The answer must be only the lines below from the one holding "dante_yangpa Altpins Profile Picture" down to the one holding "Yellowstone in January: Bison, Steam, and", ends included, printed exactly; please omit all pictures.

Given records:
|---|

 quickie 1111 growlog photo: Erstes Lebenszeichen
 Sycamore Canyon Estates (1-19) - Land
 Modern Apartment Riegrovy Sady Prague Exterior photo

|---|

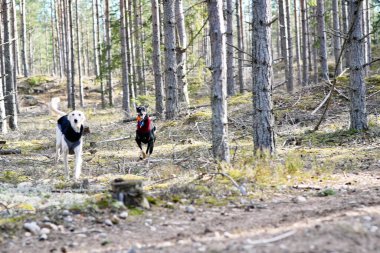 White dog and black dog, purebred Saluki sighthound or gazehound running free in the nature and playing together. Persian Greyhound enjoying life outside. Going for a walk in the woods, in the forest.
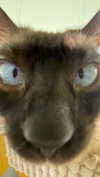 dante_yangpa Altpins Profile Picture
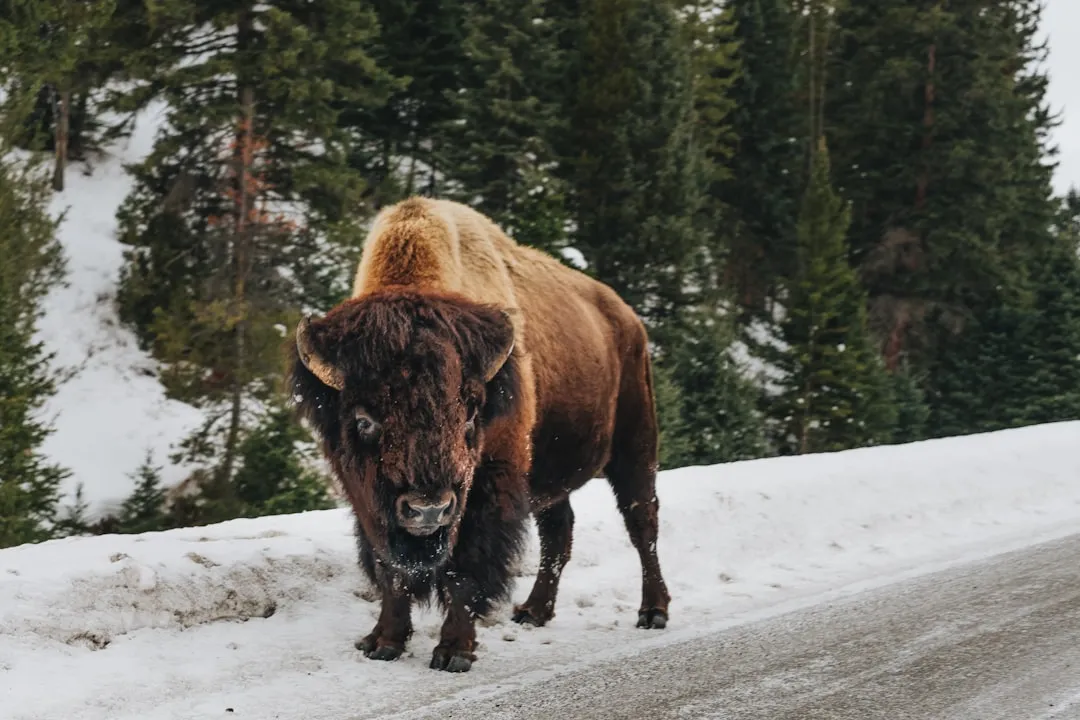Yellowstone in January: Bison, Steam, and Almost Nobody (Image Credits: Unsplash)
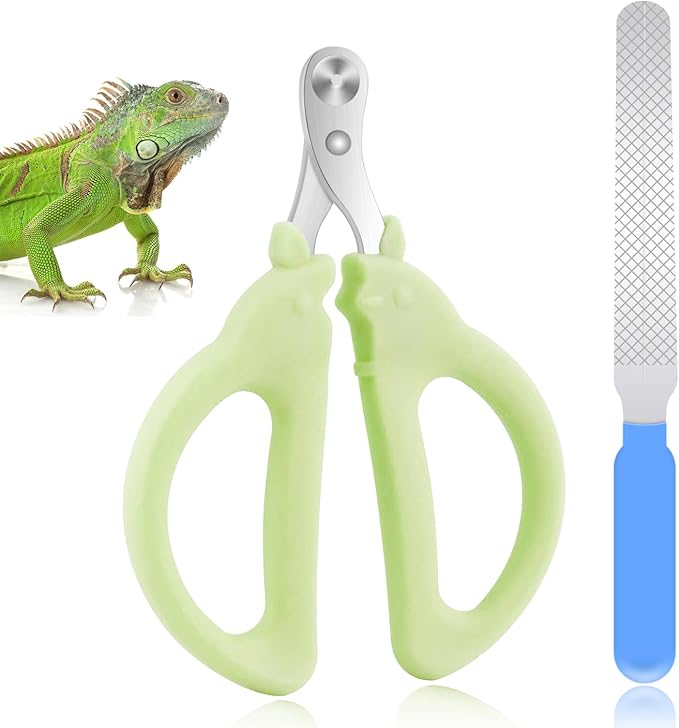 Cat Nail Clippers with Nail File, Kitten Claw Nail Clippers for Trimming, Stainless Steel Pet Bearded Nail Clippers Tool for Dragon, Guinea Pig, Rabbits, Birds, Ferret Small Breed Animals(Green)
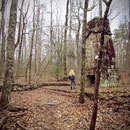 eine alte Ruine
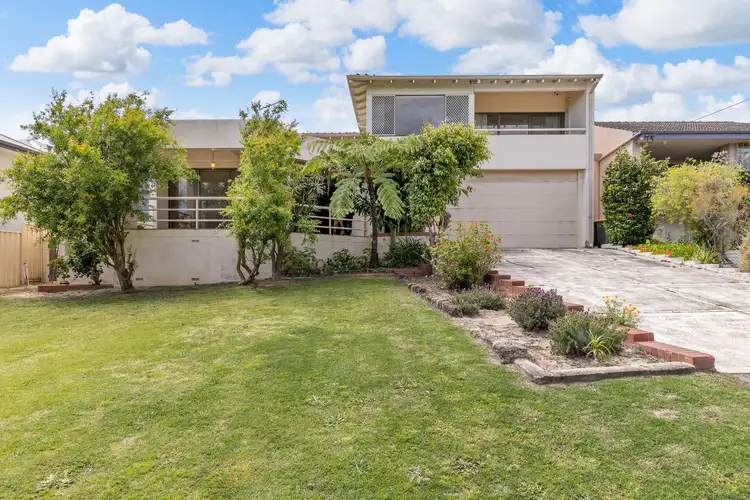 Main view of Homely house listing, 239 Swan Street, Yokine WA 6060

|---|

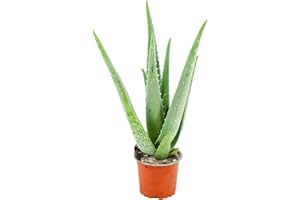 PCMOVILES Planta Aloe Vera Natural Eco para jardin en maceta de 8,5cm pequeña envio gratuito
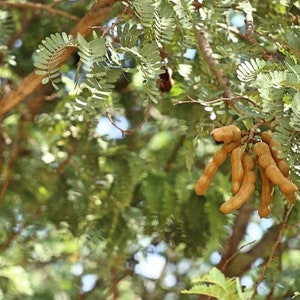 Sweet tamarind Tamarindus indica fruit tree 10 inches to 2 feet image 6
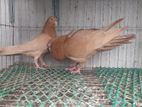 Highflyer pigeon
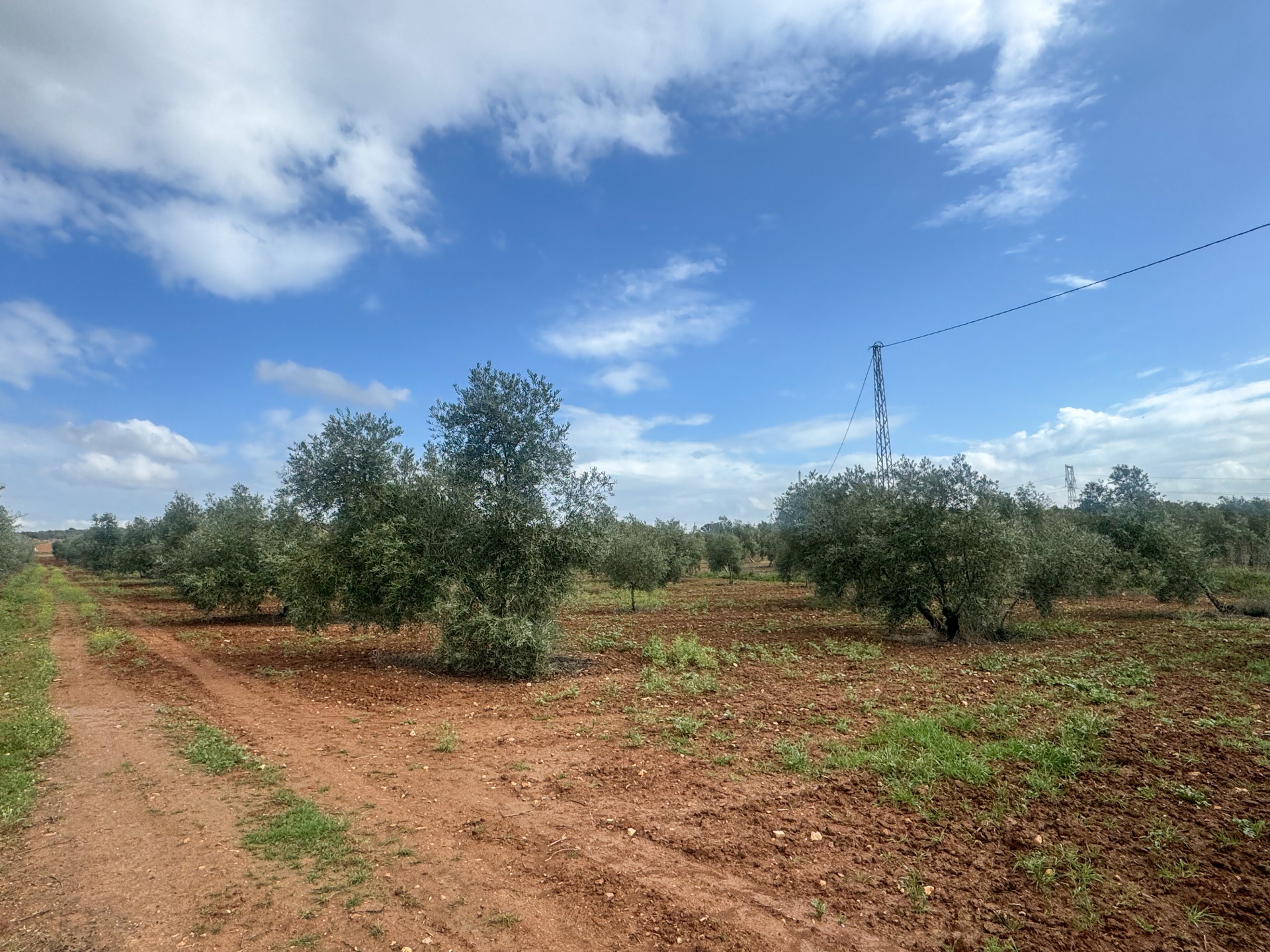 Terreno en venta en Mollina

|---|

Worked solution:
 dante_yangpa Altpins Profile Picture
Yellowstone in January: Bison, Steam, and Almost Nobody (Image Credits: Unsplash)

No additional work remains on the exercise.